Question: yo mamas so fat she fell in love and broke it.


Answers: yo mamas so fat she fell in love and broke it.

yo mama is so fat when she stood on a scale her phone number apperead

Good one!!

yo mama jokes are old...

yo mama....... soooooo old

hahahhaha!
YO MOMMAS SO FAT! SHE THOUGHT A TAXI WAS A TWINKIEE!

**fattasses

um..lol/..

LOL

yo mamma's so fat she sat on the rainbow and skittles popped out.

LOL!!! NICE ONE :D@!

I haven't heard any good ones like that lately...
Thanks !

Yo' mama's so fat, her shadow weighs 200 pounds.

Yo' mama is so fat that when she jumps up in the air, she gets stuck!

Yo' mama is so fat that that when she's the only one in the theater, it's standing room only!

Yo' mama's so fat, she has her own zip code!

My favorite---> Yo' mama's so fat, it takes 2 hours to get on her good side! LOL

Yo' mama is so stupid, she sits on the TV and watches the couch all day! (LOL)

Yo' mama is so ugly that whenever she takes you to the zoo, they thank you for returning her!

Yo' mama is so ugly that whenever she goes out for a walk, she gets picked up for violation of the local leash law!

Yo' mama is so ugly, she sued her parents..and WON! (LOL)

so fat she fell in the grand canyon and got stuck

plz you can do better

yo mammas so fat, that wen she wore a red shirt people said LOOK THE COOL AID MAN!

ummm... yeah
this is a better one
"youre mama is so stupid((or fat youre choice)) she brought a spoon to the super bowl"

Yo Mamma so fat that when she went for a swim, people called out "NEW LAND!"
Yo Mamma so fat that when she saw a big yellow bus full of white kids, she yelled "STOP THAT TWINKIE!"

Yo mama's so ugly, she looked out the window and got arrested for mooning!

ok I saw this one from 'ryan miller' on this commercial for the winter game thing....


"Your mama's so ugly she made an onion cry"

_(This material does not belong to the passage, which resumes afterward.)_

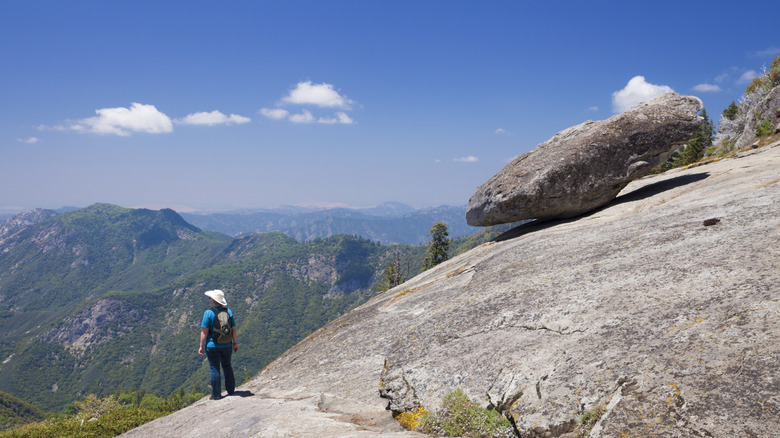 hiker looking at the horizon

its kinda old but ryan miller said it so its cool

yo mama so fat she wore a yellow jacket and little ran after her yellin "SCHOOL BUSS!!"

yo mama so stupid she bought a 20 off me for 50

yo mama's so nasty, she's like musuems...on wednesdays, everyone gets in for free

yo mama jokes are as overdone as yo mamas lasagna.

Yo mama is so dumb when she found a scratch & sniff sticker at the bottom of the pool she drowned

yo mama such a hoe, if she were Indian, they would call her moose with wide canyon.

yo mama so fat, god sent her to hell cuz he couldn't lift her spirit

yo mama hair so short, when its braided it looks like stitches.

yo mama so stank, she made right guard turn left.

yo momma so fat her favorite snack is deep fried chocolate

yo mama so ugly her birth certificate was an apology from the condom factory

yo mama's so fat that when she says she's sittin' around the house, she's serious.

good one!

Yo mama dont wear that red dress no more cause the kids chase her down the street yealling "HEY COOLAID"

haha yours is funny

Yo momma's so fat,
when she walked in front of the TV I missed 3 commercials

Yo momma's so fat,
the last time she saw 90210 was on the scale

Yo momma's so fat,
when she sat on a rainbow, Skittle's fell out.

haha
Yo mama's so fat she sat on a rainbow and skittles popped out!

Yo mama's so stupid she got hit by a parked car!